13For the promise that he would inherit the world did not come to Abraham or to his descendants through the law but through the righteousness of faith.14If it is the adherents of the law who are to be the heirs, faith is null and the promise is void. 15For the law brings wrath; but where there is no law, neither is there violation. 16For this reason it depends on faith, in order that the promise may rest on grace and be guaranteed to all his descendants, not only to the adherents of the law but also to those who share the faith of Abraham (for he is the father of all of us, 17as it is written, “I have made you the father of many nations”) —in the presence of the God in whom he believed, who gives life to the dead and calls into existence the things that do not exist. (NRSV)
Paul often rubs me the wrong way. I’ve said that before, but in my mind, the Apostle often comes across as if he’s trying to win an argument rather than to share a timeless mystery. Now, to be fair, in the first century, before the Church had been domesticated by empires and had become indebted to kings and armies, teachers like Paul faced hostile opposition. They had to be bold and on-purpose when sharing the gospel. Still, when I read some of Paul’s convoluted arguments, I recoil, kind of like I did in my high school physics class—something I flunked with such efficiency as to make failure look, well, effortless.
Now, I have learned that when reading Paul, it helps to step back, as when viewing a pointillist or impressionist painting in which the individual dots or brush strokes are most significant in relationship to the rest of the dots and brush strokes. Paul is using all those rhetorical twists and turns to say that God deals with humankind on the basis of the unconditional love called grace. Grace is hard for human beings, though. It’s just too gracious, especially when we stand so close to the canvass that all we can see is the flaws in ourselves and others.
When I stand back from Paul’s letters, I begin to see his fundamental awareness that to profess faith in Jesus and then to qualify grace leads us to a destructive legalism. And legalism often renders a person sanctimoniously fearful of an angry God. Legalistic religion gives power to a few people who set standards by which each dot or brush stroke must earnits place in the painting.

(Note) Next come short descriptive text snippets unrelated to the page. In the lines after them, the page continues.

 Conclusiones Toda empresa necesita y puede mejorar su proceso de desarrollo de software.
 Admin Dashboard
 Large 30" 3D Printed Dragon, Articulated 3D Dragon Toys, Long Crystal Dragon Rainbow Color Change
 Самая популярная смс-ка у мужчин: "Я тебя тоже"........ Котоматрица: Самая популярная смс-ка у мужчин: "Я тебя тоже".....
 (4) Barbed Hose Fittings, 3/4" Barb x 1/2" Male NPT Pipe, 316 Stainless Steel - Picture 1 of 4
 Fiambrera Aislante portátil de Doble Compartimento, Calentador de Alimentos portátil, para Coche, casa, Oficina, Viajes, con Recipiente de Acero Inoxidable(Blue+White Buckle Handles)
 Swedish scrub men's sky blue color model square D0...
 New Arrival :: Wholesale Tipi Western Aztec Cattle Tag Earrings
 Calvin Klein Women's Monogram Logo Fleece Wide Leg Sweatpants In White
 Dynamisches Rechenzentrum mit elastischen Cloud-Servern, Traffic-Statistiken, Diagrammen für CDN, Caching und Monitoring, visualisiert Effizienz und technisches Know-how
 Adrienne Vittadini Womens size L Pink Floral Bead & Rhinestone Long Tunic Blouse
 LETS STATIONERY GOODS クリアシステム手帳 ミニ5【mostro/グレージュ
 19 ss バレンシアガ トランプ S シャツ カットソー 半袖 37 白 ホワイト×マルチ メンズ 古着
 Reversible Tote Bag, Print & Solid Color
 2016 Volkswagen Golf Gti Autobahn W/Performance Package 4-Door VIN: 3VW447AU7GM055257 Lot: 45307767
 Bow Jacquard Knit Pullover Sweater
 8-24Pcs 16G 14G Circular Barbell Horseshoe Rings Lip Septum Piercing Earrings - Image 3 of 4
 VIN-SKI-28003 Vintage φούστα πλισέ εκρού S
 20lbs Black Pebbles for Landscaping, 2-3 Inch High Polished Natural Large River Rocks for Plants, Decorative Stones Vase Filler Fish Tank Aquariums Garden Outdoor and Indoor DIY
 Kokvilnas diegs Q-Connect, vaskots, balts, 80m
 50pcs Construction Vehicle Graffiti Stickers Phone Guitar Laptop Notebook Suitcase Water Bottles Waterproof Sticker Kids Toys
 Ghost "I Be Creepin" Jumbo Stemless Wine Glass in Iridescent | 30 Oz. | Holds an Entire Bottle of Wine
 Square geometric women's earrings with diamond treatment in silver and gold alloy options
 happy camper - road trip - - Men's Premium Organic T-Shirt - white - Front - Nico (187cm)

When one’s belonging in God must be deserved, grace no longer refers to God’s radical gift of love. It refers to God withholding vengeance. And we become responsible for suppressing divine retribution by regurgitating pious formulas. Let’s be honest, though; if we have to activate God’s redeeming love—even if by “accepting” it—we are saved by our works, not by God’s grace.
Now, Paul knows his audience. The Romans argue and debate, and Paul speaks that language. So, he uses complicated dialectic to engage his readers, and to into invite them into a faith that has more in common with an artistic process than with constructing a winning argument. He invites them into a story—the story of Abraham.
Abraham’s story was ancient even in the first century, so Paul uses it like the ancients used it—as a spiritual portrait, a mural, a gift of grace. Paul wants his readers to enter and experience the story the same way Abraham begins his journey—by faith.
“Go,” God tells Abram, “from your country and your kindred and your father’s house to the land that I will show you…and I will bless you, and make your name great, so that you will be a blessing.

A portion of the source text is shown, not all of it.